Funda offers a daily update on your search term. However, this is not fast enough. I wanted my scraper to detect new listings within minutes of it coming online.
I didn’t want a solution which I have to manually check every so often, because checking Funda every hour to be on time for a new listing can be very stressful, and this is the exact thing I want to prevent. For this project I wanted to receive a notification of sorts when a new listing was placed on the website.

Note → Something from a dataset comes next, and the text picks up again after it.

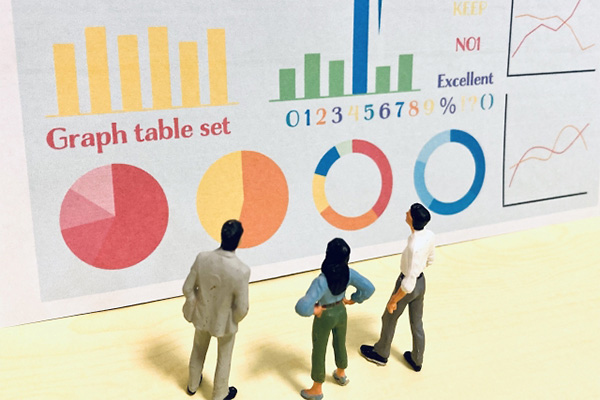 やや下がったものの、徐々に改善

Lastly, I wanted it to be legal and not affect the Funda website whatsoever. It should be a lightweight solution that simulates someone obsessively checking the website a few times per hour.

The Idea

Web scraping is extracting data from webpages. It is done in many different ways. But, because I made this in Python, there are a few popular libraries that could come in handy. The most popular libraries are BeautifulSoup, Selenium, and Scrapy. The latter of which I used. Scrapy uses something called spiders to scan pages for the requested data. These spiders are able to access linked pages to get the data and return it in a usable format: items. More on spiders later.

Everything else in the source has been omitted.